Why shell out for portable hard disks or other storage media, when you can use an online storage service to back up and synchronise your files across multiple PCs. Whether it’s save game files or that vital work presentation, services such as Sugarsync – which is available in both free and paid-for versions – instantly take the hassle out of moving files from one place to another. Best of all you won’t have piles of backup DVDs or messy external drives snaking from your PC.

Top ten tech decluttering tools
We use Sugarsync to avoid having to own or carry portable hard disks

6. Rip your discs

Like bibliophiles and their libraries, music fans tend to accumulate massive stacks of CDs.
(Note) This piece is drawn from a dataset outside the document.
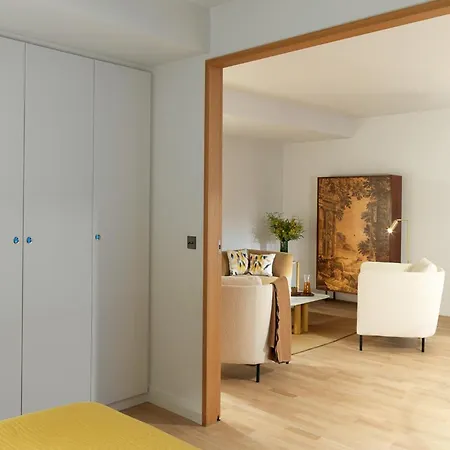 De Pourtales Apartmanhotel 5*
You’ve probably already ripped your favourites to listen to on MP3 so you can listen to them on the move, but we like to make sure we have a full-quality lossness copy saved, which we can then use to create smaller, lower-quality versions.
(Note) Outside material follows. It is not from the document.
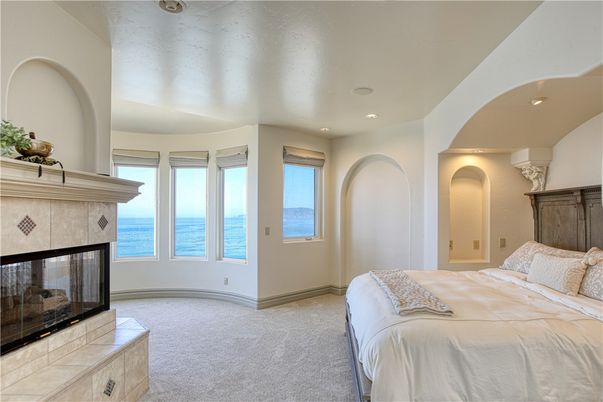 Bedroom, Fireplace, Interior, Recessed Lighting, Water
Our favourite software for ripping is Foobar2000 in combination with the lossless FLAC codec and the LAME codec to turn our files into more popularly supported MP3s.

Unfortunately, you can’t legally keep your ripped tracks if you get rid of the CD, but there’s nothing to stop you from keeping the original discs in the attic from now on, and you’ll probably find more than a few that you really don’t want to listen to again. Read on for our tips on how to get rid of them.

CD to FLAC
Ripping your CDs to lossless audio means you can retain all their audio quality when you tuck them away into storage

5. Go digital

Now you’ve got all your CDs out of sight, you can avoid having to go through the hassle of ripping new music by buying digital versions. However, it’s worth shopping carefully. You can buy DRM-free MP3 tracks from Amazon, but you can’t re-download them after the initial download window’s closed, so you’ll have to make sure you back them up using Sugarsync or a similar service.

Other online music stores include indie-friendly Bandcamp, which provides a wider range of formats than most, CDBaby and Spotify, which is better known for its streaming music service. A Spotify subscription is a great alternative option if you’d rather listen to a wide variety of music than have your own copies of the tracks.

Digital versions aren’t limited to music. You can buy digital copies of audiobooks from Audible and stream rented movies and TV from Netflix.